To learn more about eligibility and your options with OAS pension, visit Government of Canada’s website to learn more.
If you’re lucky enough, depending on where you work, you may have an employer-sponsored pension plan which is offered as part of their benefits package. These benefits can play a big role in your retirement income.
Plans are often administered in two ways, they can be either a defined contribution plan or a defined benefit plan.
- Defined contribution plans
This plan works by setting an amount that both you and your company contribute to annually which is usually based on your income. These plans require that you close the plan by the end of the year you turn 71. You can either withdraw your money and pay taxes on the income, transfer your funds to a registered retirement income fund (RRIF), or purchase an annuity.
- Defined benefit pensions
This plan pays you a set income at retirement and your payments are usually calculated using your income and the number of years you spent working. It’s as simple (and as beautiful) as that.
Your employer pension plan can have a pretty big influence on your retirement income, especially if you stay with your company for a long period of time. Some of the best employer pension plans, often defined benefit pensions, can replace up to a maximum of 70% of your income at retirement.
Your RRSP Investments
Since there’s such a decline in the number of companies offering a defined benefit pension, your retirement income will likely come from your Registered Retirement Savings Plan (RRSP) investments—that is if you have contributed to your RRSPs over the years!
An RRSP is a tax-effective and savings driven account designed to help you save for retirement. The main advantage of an RRSP is that contributions reduce your taxable income, giving you a better refund when it’s time to file your return, while also providing you stability at retirement.
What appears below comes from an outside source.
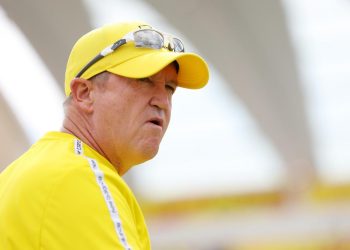 Andy Flower replaces Justin Langer at London Spirit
You can cash in your RRSPs as soon as you retire. However, you’ll need to convert your RRSP to a RRIF by December 31 of the year you turn 71. If you want to cash in your RRSPs before you retire, be prepared to pay penalties. That’s why it’s best to invest for the long haul when it comes to RRSPs.
Your Other Investments
Another factor in your retirement income can come from investments outside of contribution plans and RRSPs.
Whether you’re investing in stocks and bonds or GICs to help you invest your money in mutual funds, you might want to consider if your current strategy is working for you.
Since contributing to registered plans is top of mind when it comes to building a retirement fund for most individuals, finding the resources to contribute to non-RRSP investments can be harder to do. It’s important to understand how your money is invested and what you’re paying in fees in order to maximize your returns. That’s why we’re seeing a general upward trend of investors choosing to diversify their investment strategy to include a low-cost ETF portfolio solution that is professionally managed and costs a fraction of the price of traditional investments like mutual funds.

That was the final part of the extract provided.